## EXERCISE BRIEF
Copy exactly the lines of the records below, starting at the line that contains "Hanna Andersson 100%" and continuing through the last line, both included; omit any pictures.

_ _ _ _ _ _ _

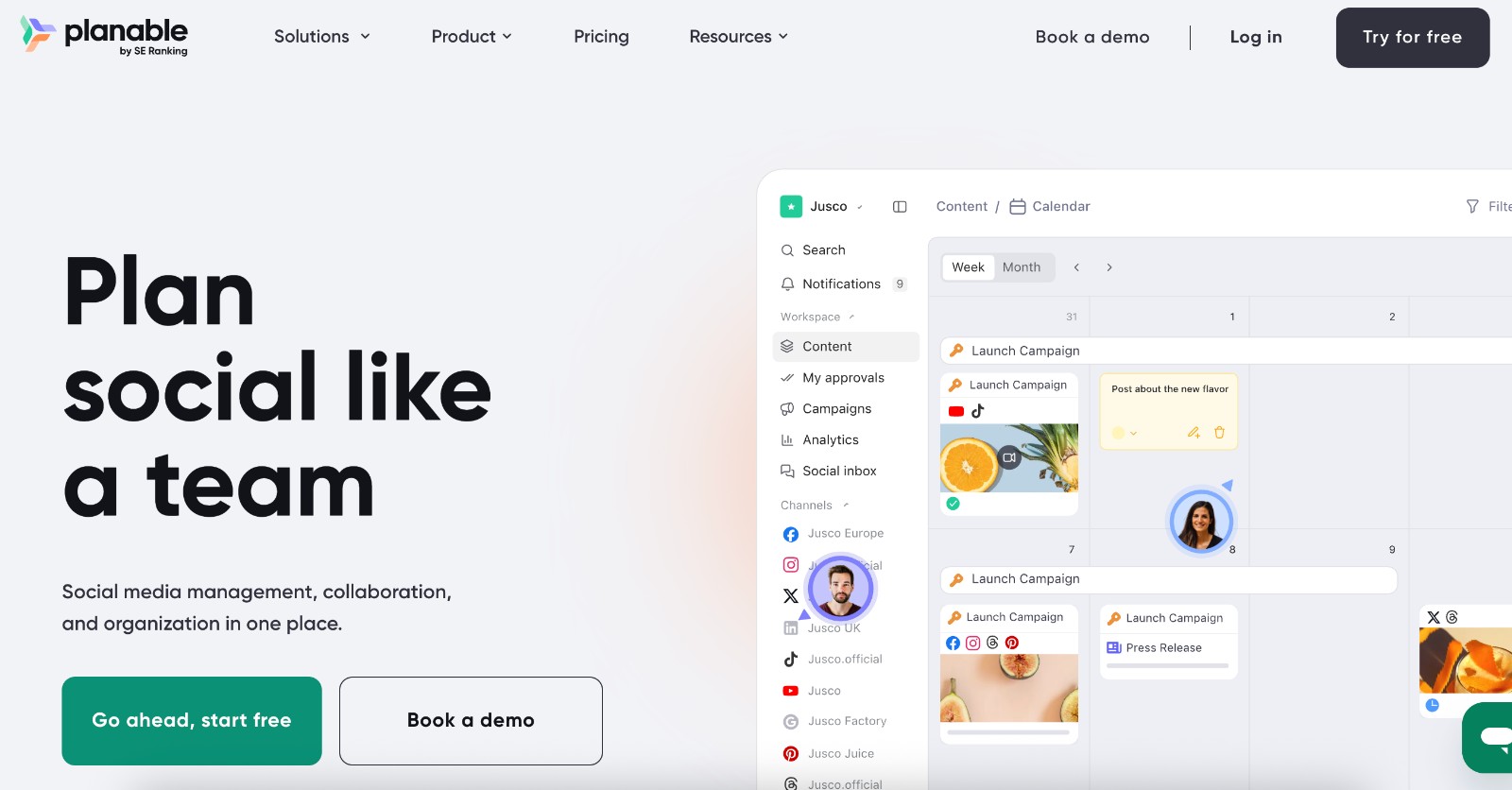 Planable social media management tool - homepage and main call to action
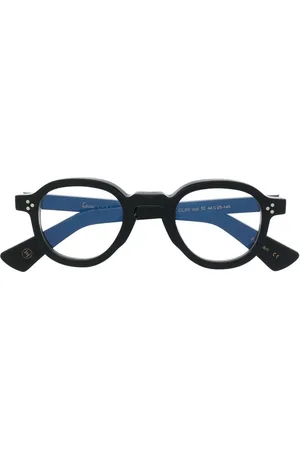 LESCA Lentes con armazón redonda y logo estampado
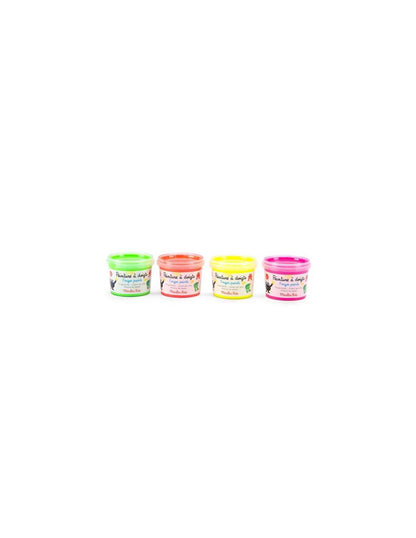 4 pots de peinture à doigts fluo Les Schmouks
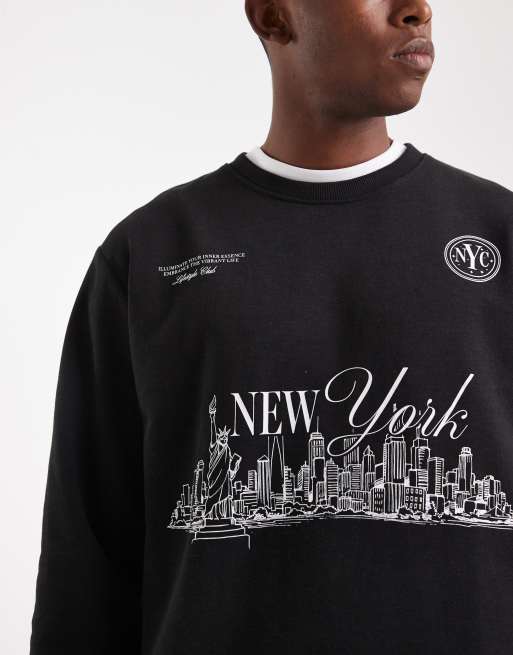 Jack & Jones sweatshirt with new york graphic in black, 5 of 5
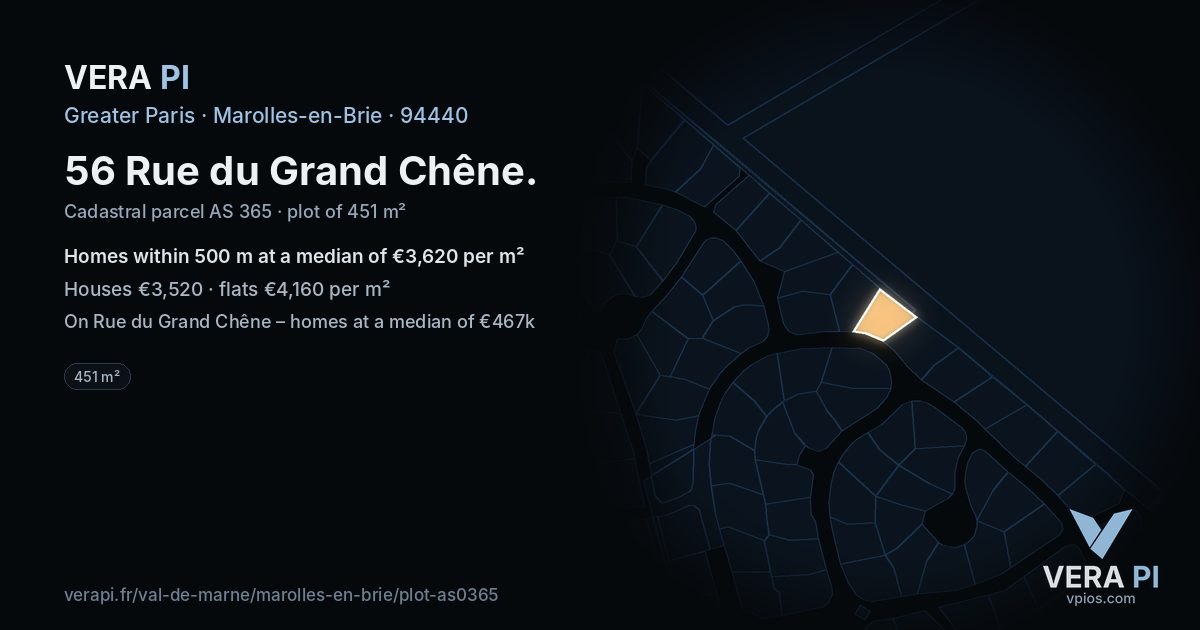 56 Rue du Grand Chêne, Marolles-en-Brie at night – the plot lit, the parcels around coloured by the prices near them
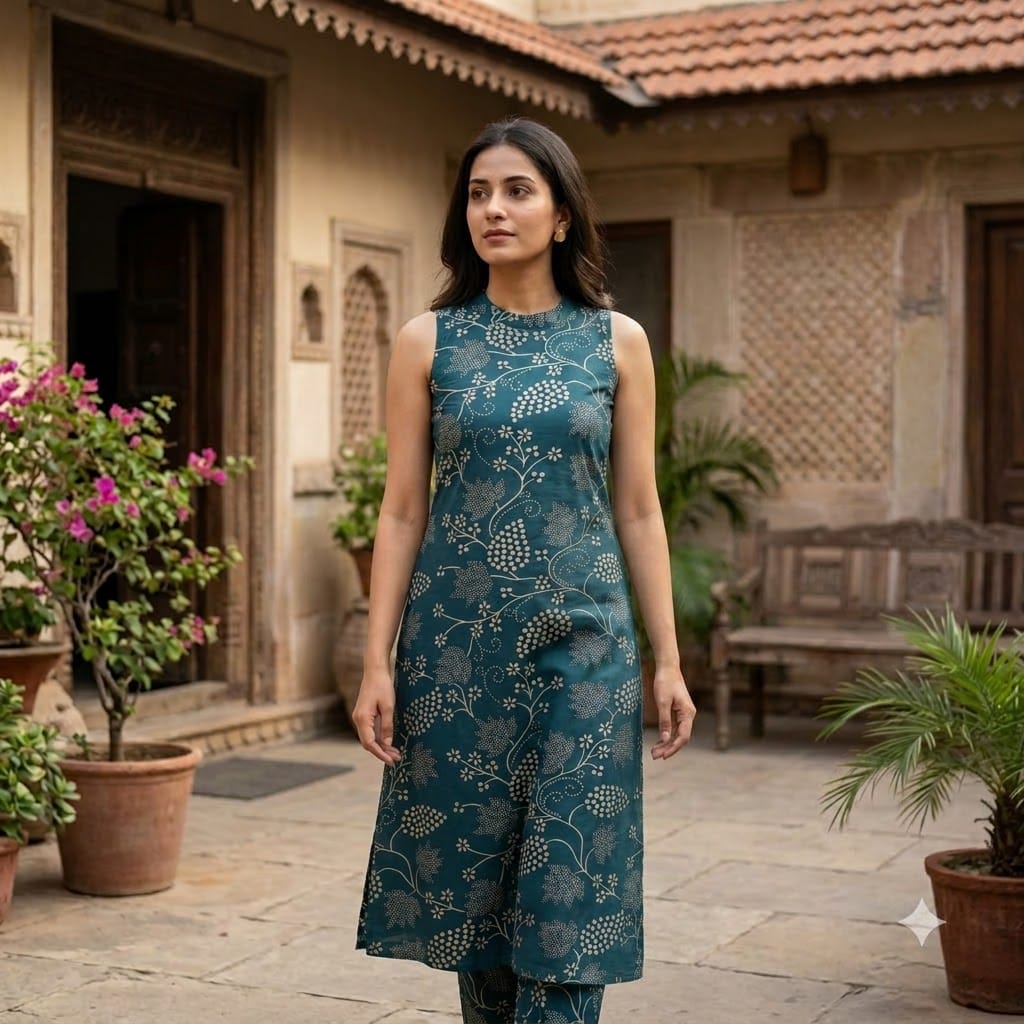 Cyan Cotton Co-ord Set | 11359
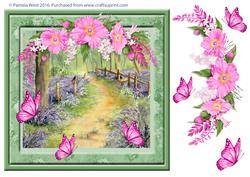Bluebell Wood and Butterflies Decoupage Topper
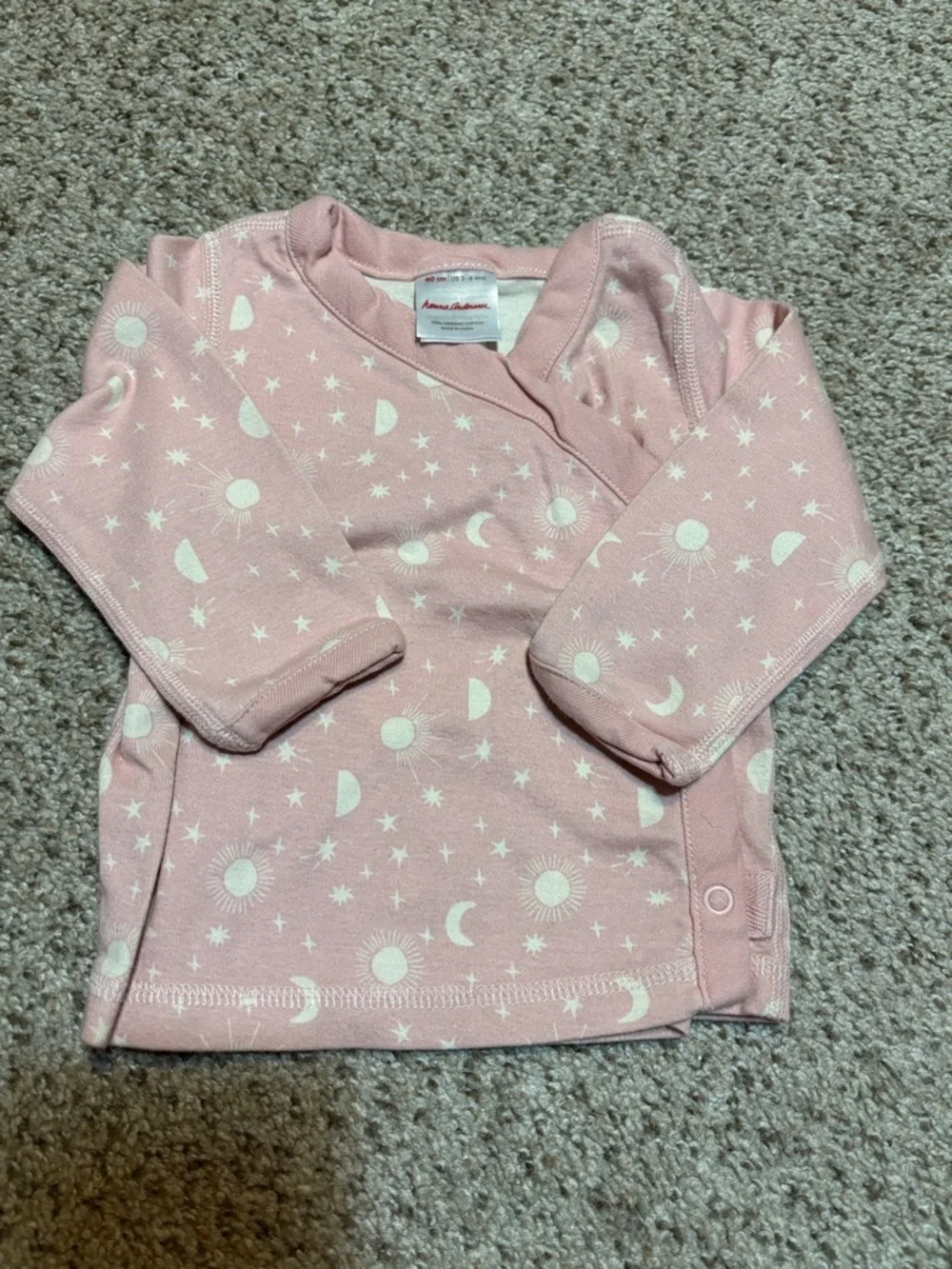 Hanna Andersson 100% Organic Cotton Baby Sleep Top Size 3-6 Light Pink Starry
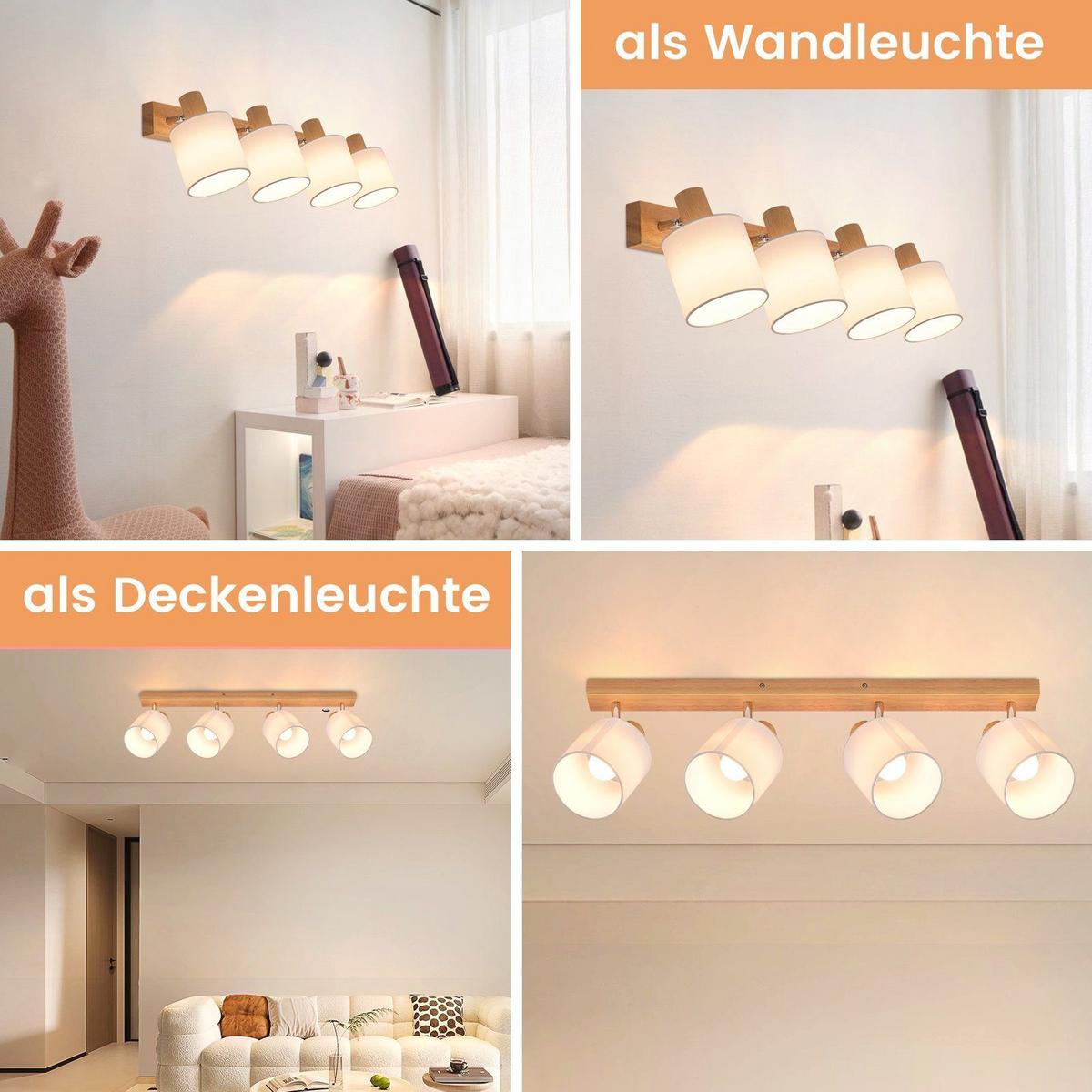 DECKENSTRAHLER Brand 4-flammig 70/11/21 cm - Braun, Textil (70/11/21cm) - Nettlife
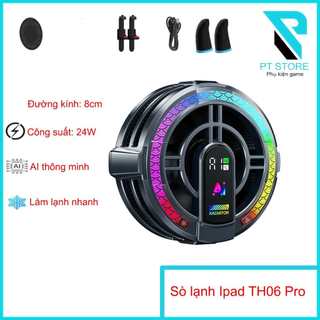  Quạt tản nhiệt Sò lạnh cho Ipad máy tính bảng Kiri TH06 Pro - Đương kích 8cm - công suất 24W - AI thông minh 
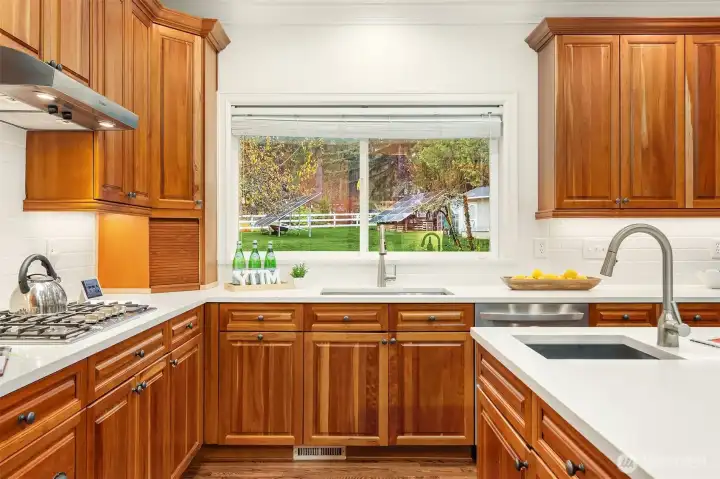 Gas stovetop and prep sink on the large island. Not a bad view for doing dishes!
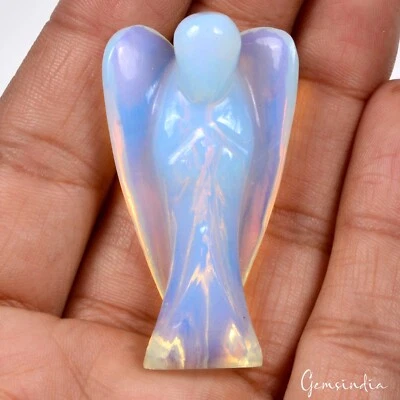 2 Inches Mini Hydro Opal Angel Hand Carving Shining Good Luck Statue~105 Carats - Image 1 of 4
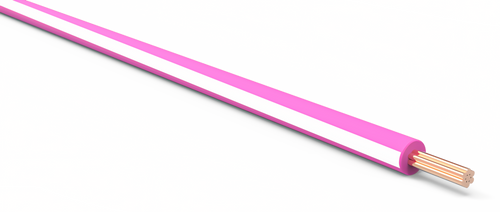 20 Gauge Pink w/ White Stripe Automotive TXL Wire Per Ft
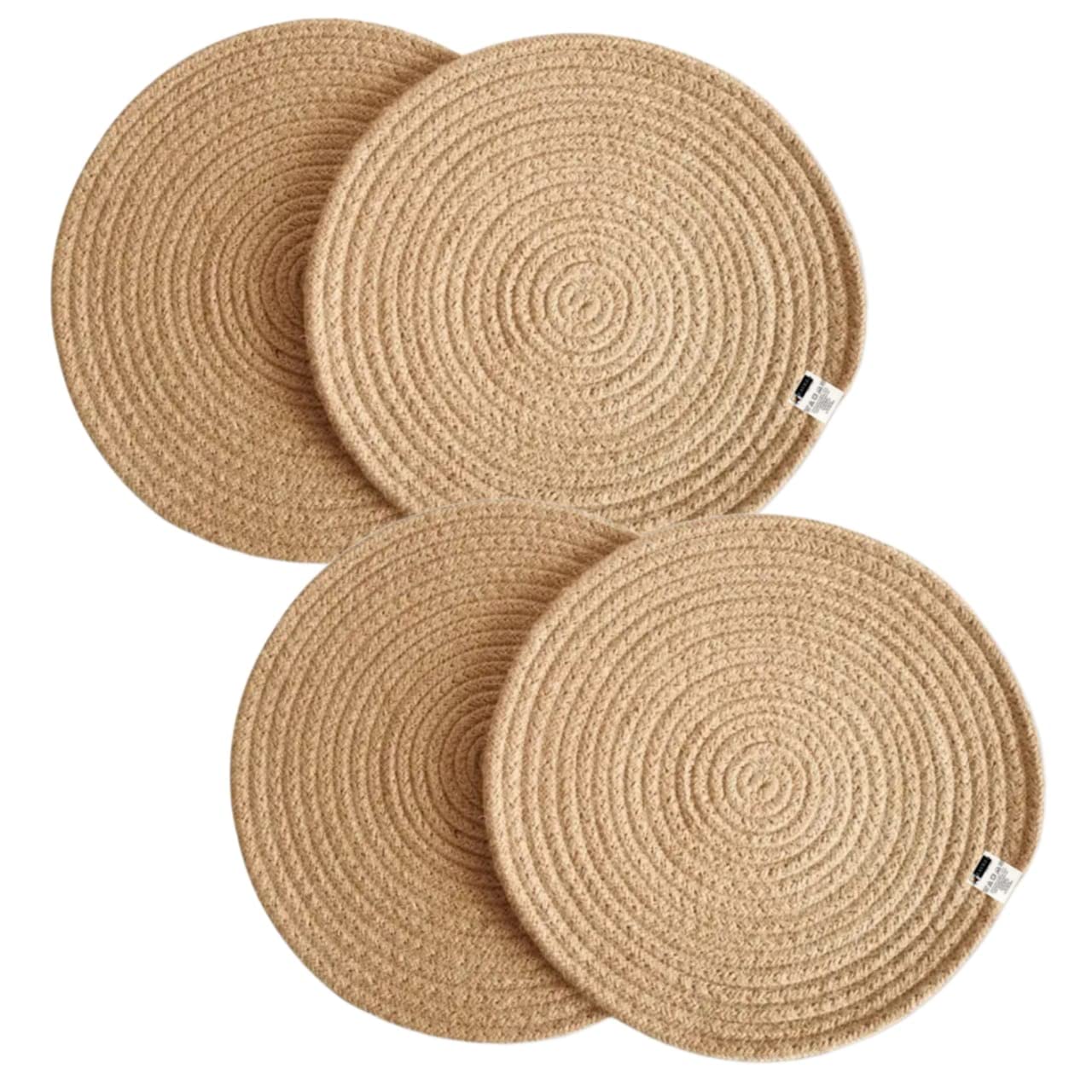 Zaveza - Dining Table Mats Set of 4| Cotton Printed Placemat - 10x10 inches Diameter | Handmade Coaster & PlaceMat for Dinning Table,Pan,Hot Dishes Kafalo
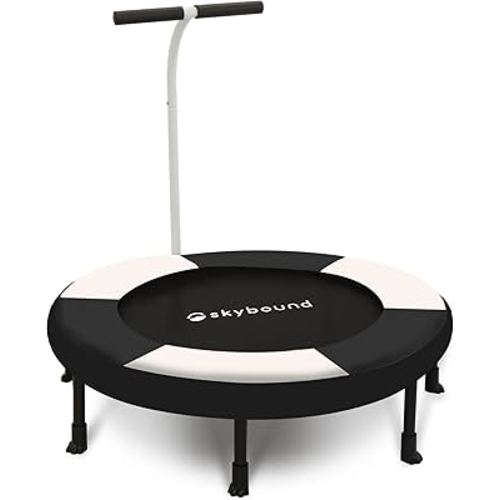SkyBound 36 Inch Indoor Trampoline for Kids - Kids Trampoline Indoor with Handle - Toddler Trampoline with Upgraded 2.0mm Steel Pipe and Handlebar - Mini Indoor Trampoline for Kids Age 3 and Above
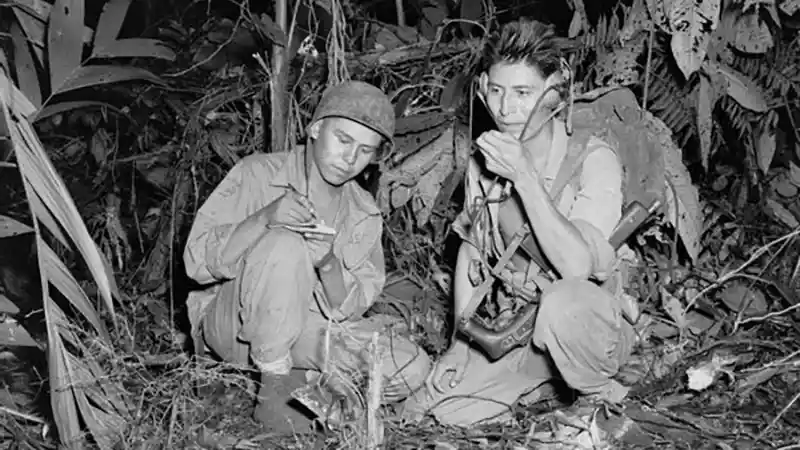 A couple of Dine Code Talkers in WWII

_ _ _ _ _ _ _

## TASK SOLUTION
 Hanna Andersson 100% Organic Cotton Baby Sleep Top Size 3-6 Light Pink Starry
 DECKENSTRAHLER Brand 4-flammig 70/11/21 cm - Braun, Textil (70/11/21cm) - Nettlife
  Quạt tản nhiệt Sò lạnh cho Ipad máy tính bảng Kiri TH06 Pro - Đương kích 8cm - công suất 24W - AI thông minh 
 Gas stovetop and prep sink on the large island. Not a bad view for doing dishes!
 2 Inches Mini Hydro Opal Angel Hand Carving Shining Good Luck Statue~105 Carats - Image 1 of 4
 20 Gauge Pink w/ White Stripe Automotive TXL Wire Per Ft
 Zaveza - Dining Table Mats Set of 4| Cotton Printed Placemat - 10x10 inches Diameter | Handmade Coaster & PlaceMat for Dinning Table,Pan,Hot Dishes Kafalo
SkyBound 36 Inch Indoor Trampoline for Kids - Kids Trampoline Indoor with Handle - Toddler Trampoline with Upgraded 2.0mm Steel Pipe and Handlebar - Mini Indoor Trampoline for Kids Age 3 and Above
 A couple of Dine Code Talkers in WWII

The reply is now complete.